Après avoir réalisé que la tortue d'Aldabra cesserait d'exister si rien n'était fait, le gouvernement des Seychelles a pris la décision d'interdire la chasse aux tortues en 1968 et de commencer à protéger les espèces menacées. Au lieu de tuer une tortue pour vendre les parties de son corps, le pays pourrait désormais utiliser l'espèce pour attirer le tourisme, une source de profit beaucoup plus durable et à faible impact, explique Mortimer.

Aujourd'hui, le SIF poursuit le travail commencé par Mortimer.
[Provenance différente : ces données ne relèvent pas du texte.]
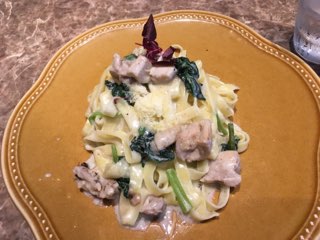 大山鶏もも肉と小松菜のゴルゴンゾーラクリームフェットチーネ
L'équipe annuelle de moins de 20 personnes sur Aldabra surveille non seulement les tortues de mer, mais aussi les tortues géantes, les frégates, les précipitations, etc. Sanchez, qui a contribué aux travaux du SIF sur Aldabra, souligne la quantité d'efforts consacrés au processus de collecte de données. La petite équipe visite des sites partout dans l'atoll massif en bateau, tout en naviguant dans des marées extrêmes et par mauvais temps. Le fait que les gens aient maintenu ce programme de surveillance pendant si longtemps est stupéfiant, dit Sanchez, et donne l'exemple de ce qui peut être fait ailleurs si cela peut être fait dans un environnement aussi difficile qu'Aldabra.

Il y a aussi beaucoup à apprendre d'Aldabra sur la façon de restaurer avec succès une population de tortues. Mortimer identifie deux leçons clés :« Premièrement, ne coupez pas la tête des femelles qui nichent, cela a pris du temps pour que les gens comprennent. Et deuxièmement, ce qui est presque plus difficile à faire, surtout à l'ère moderne, est de protéger leur habitat. »

La restauration de la tortue verte d'Aldabra n'est pas la seule victoire pour l'espèce ces dernières années. Des récupérations similaires ont été enregistrées aux États-Unis, au Costa Rica et sur l'île de l'Ascension, pour n'en nommer que quelques-unes. Et dans chacun de ces cas, un message commun sonne clairement :si nous protégeons les plages, les tortues peuvent s'occuper du reste. Ils vont récupérer.

Mise à jour (22 mars 2022) :  Le premier paragraphe de l'histoire a été mis à jour pour inclure plus de détails sur les récits des enquêtes de Jeanne Mortimor.